The lesson is simple: inventing a general-purpose technology is not the same as capturing the value it creates.
That brings us to large language models.
Today, investors are valuing AI companies as though owning the best model will produce durable monopoly profits. That may happen for a time, but it’s worth considering another possibility: There are no patents in AI, secrets are hard to keep and distillation appears to produce models that are nearly as good.
If frontier models continue to become commoditized through open-source development, rapid distillation techniques and relentless competition, then paying a premium for the very best model may become increasingly difficult. Models that trail the leaders by a month or two could prove “good enough” for most commercial applications.
Moreover, there is a push for companies to control their own data, which may move them towards open source and away from the big models.
In that environment, pricing power becomes elusive.
It’s often argued that the real money will be made by application companies built on top of foundation models. That sounds plausible until you consider what AI itself does. One of its core capabilities is reducing the cost of creating software.
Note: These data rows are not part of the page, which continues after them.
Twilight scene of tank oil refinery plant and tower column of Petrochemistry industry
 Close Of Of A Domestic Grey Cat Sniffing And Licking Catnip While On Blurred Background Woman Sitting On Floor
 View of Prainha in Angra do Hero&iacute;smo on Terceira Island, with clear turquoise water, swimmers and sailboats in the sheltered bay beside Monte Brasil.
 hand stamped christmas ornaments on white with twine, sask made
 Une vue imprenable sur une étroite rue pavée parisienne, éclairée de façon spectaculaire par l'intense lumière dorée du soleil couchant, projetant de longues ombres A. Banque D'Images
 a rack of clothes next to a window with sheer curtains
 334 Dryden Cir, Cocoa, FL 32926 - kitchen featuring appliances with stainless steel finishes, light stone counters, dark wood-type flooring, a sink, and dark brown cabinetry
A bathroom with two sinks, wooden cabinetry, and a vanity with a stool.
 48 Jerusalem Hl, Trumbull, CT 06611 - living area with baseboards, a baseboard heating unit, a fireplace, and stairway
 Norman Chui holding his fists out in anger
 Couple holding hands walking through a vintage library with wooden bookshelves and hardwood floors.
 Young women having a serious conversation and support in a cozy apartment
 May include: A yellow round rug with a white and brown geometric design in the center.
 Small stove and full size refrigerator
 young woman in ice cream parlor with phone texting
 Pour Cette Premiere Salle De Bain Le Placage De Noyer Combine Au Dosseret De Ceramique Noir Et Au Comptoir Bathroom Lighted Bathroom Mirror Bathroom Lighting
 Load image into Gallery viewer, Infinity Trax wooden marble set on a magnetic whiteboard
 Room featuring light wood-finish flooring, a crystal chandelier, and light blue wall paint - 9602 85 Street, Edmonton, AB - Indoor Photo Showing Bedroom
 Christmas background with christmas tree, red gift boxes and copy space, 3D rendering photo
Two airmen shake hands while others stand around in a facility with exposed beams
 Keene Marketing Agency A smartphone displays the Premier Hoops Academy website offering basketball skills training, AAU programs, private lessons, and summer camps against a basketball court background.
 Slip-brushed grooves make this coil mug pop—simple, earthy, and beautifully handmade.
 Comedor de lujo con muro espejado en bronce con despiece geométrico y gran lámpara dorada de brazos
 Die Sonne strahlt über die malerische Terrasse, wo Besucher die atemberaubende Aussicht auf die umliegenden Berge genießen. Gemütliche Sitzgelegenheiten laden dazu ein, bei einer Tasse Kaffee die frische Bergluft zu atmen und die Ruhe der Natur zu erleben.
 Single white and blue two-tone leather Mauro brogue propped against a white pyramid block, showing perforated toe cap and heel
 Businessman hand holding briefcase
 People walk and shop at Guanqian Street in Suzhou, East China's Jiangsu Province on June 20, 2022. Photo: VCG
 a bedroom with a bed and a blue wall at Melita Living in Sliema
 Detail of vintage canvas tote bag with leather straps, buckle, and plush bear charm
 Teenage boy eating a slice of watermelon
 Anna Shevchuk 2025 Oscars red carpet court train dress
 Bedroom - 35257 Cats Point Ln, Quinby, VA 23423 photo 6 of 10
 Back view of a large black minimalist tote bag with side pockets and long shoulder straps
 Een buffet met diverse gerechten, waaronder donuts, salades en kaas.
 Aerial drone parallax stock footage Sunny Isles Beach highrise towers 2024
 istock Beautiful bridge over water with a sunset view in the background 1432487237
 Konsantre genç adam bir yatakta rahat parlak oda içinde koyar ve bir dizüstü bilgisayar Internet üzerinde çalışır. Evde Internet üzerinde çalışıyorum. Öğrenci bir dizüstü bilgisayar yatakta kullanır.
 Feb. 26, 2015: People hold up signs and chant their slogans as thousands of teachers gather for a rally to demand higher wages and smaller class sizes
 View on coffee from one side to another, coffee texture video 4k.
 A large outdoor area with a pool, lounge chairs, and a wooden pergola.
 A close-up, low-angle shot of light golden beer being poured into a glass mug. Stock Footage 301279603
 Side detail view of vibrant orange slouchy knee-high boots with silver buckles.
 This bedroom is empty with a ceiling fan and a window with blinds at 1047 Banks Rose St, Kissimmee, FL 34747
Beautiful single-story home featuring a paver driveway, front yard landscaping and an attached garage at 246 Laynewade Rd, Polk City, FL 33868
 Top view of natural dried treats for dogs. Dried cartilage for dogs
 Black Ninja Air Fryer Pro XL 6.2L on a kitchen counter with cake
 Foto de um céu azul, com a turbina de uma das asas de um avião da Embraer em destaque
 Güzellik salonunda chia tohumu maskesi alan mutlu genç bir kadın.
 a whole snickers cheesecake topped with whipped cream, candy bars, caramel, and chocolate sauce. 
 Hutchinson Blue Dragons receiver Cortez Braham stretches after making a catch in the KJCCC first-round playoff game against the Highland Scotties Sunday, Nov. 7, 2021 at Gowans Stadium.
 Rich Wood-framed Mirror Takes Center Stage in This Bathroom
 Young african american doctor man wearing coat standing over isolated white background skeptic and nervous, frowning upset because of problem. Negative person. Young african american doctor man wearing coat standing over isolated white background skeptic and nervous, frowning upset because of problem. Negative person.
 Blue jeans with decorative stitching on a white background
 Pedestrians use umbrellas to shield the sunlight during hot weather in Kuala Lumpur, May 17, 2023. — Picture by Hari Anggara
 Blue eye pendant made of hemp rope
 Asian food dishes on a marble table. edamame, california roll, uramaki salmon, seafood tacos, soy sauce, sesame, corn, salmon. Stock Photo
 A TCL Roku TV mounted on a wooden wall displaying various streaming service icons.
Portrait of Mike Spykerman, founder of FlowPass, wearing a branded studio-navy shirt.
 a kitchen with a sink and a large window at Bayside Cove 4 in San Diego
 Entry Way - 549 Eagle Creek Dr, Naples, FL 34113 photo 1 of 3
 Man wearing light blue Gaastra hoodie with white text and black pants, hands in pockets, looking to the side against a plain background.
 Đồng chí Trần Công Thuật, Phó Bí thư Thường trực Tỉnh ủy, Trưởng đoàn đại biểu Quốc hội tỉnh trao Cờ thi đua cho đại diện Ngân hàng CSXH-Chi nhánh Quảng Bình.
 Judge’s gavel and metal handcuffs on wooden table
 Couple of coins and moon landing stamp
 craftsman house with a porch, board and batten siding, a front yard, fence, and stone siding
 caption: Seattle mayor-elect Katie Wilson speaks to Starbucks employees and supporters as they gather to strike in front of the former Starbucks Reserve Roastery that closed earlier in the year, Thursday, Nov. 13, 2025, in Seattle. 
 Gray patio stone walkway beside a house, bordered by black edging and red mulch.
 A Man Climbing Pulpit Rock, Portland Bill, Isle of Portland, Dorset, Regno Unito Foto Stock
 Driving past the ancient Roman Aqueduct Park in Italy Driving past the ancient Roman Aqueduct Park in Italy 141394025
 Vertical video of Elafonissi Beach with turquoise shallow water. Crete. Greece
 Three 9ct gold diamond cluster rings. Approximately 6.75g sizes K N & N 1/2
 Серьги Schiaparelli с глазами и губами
If applications become dramatically easier and cheaper to build, competition increases and excess profits become harder to sustain there as well.
The same logic that commoditizes the model layer could eventually commoditize much of the application layer.
That raises a more interesting question for investors.
Perhaps the biggest beneficiaries of AI won’t be technology companies at all.
Instead, the winners may be businesses with deep competitive moats that operate in the physical economy. Manufacturers, industrial companies, logistics operators, utilities, mining companies and other capital-intensive businesses often earn modest margins despite significant barriers to entry. A company operating on a 2% margin that permanently expands to 3% through AI-enabled productivity has increased earnings by 50% without selling a single additional product.
Those gains are difficult for competitors to erase when the competitive advantages come from scale, infrastructure, regulation, geography or capital intensity rather than software.
This would represent a very different investment story from the one dominating markets today.
Investors may be fighting the last war and over-indexing towards the information economy of the past 30 years.
The internet produced extraordinary returns for software platforms because distribution itself became the moat. AI may prove different. If intelligence becomes abundant and inexpensive, it starts to resemble electricity more than enterprise software.
Electricity didn’t create the greatest fortunes for the scientists who uncovered its principles. Michael Faraday transformed physics without becoming fabulously wealthy. Even Thomas Edison and George Westinghouse, who successfully commercialized electrical systems, captured only a small fraction of the economic value electrification ultimately created.
Most of the benefits flowed to the broader economy through higher productivity, lower costs and entirely new industries.
AI could follow the same path.
That doesn’t mean AI won’t be one of the most important technological advances in history. I think it will become exactly that.
But the most important question for investors isn’t how valuable AI will become, it’s who actually gets to keep the value.